Research backs the idea that private ownership could turn that around. A 2022 study from the U.S.-based National Bureau of Economic Research found that privately run airports invested in more gates and terminals, leading to fewer cancellations and higher passenger volumes overall. Without the constraints of a not-for-profit mandate, airport operators would have every incentive to make the experience better not out of public service, but because more passengers means more revenue.

The retail equation is part of that logic too. Modern airports are increasingly experience-driven, with restaurants, retail outlets, and amenities that keep layovers from feeling like punishment. A profit-motivated operator is far more likely to develop these revenue streams aggressively and as a side effect, improve the overall passenger experience than a not-for-profit running on a public-sector ethos. Efficiency in security lines, faster check-ins, and better terminal flow all make business sense when the clock before a shopping opportunity is ticking.

There’s also the pressing question of infrastructure. Many of Canada’s airports are aging, and upgrades are overdue. Private capital could fund those renovations without adding to the public debt load and in theory, competitive management could keep the costs of those projects in check.

But the critics have legitimate concerns. A private operator eager to recoup a massive upfront purchase price may look for every available lever to extract returns raising landing fees for airlines, hiking rents for retail tenants, or cutting corners on maintenance to fatten short-term margins. Those costs don’t disappear; they get passed to passengers in the form of higher ticket prices or reduced service.

Perhaps the thorniest issue is what privatization would mean for Canada’s smaller, more remote communities. Air service is not a luxury for many of them it’s a lifeline. A private operator laser-focused on profitable routes has little reason to maintain service to communities that can’t generate enough passengers to justify the overhead. The government would either need to regulate those obligations into existence or subsidize them either of which could eat away at the very savings privatization was supposed to deliver.
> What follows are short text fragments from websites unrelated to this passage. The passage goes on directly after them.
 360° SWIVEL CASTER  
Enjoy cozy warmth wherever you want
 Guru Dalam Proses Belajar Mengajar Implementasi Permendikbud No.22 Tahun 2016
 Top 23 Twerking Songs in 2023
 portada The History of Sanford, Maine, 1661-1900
History offers some reassurance that this can work. Margaret Thatcher’s controversial privatization of UK airports in 1987 was rocky at first, but the system eventually settled into an efficient, revenue-generating model. Australia followed a similar path in the 1990s and 2000s, with private operators upgrading infrastructure and growing revenues. Canada has the benefit of learning from those early-mover mistakes before making the leap itself.
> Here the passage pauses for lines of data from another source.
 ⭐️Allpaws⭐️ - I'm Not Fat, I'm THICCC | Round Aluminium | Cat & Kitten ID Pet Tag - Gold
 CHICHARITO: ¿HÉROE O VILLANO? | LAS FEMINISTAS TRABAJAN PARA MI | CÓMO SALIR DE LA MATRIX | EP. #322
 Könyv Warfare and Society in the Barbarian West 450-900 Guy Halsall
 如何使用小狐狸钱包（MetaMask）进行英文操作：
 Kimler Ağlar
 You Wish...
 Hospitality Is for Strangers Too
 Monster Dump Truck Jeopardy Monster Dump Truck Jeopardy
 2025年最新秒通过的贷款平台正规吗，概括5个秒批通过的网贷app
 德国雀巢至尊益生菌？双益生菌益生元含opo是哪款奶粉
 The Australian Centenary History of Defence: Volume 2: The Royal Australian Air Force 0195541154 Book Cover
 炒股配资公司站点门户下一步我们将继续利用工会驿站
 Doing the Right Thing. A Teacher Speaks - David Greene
Whether Ottawa can strike the right regulatory balance protecting consumers, preserving regional access, and ensuring long-term infrastructure investment while still making privatization attractive to buyers remains the defining question. Airports are not ordinary businesses. They are arteries of the national economy, and when they fail, the consequences ripple widely.

If the government moves forward, it will need to bring more than a balance sheet calculation to the table. It will need a plan that Canadians especially those in smaller communities far from major hubs can actually trust.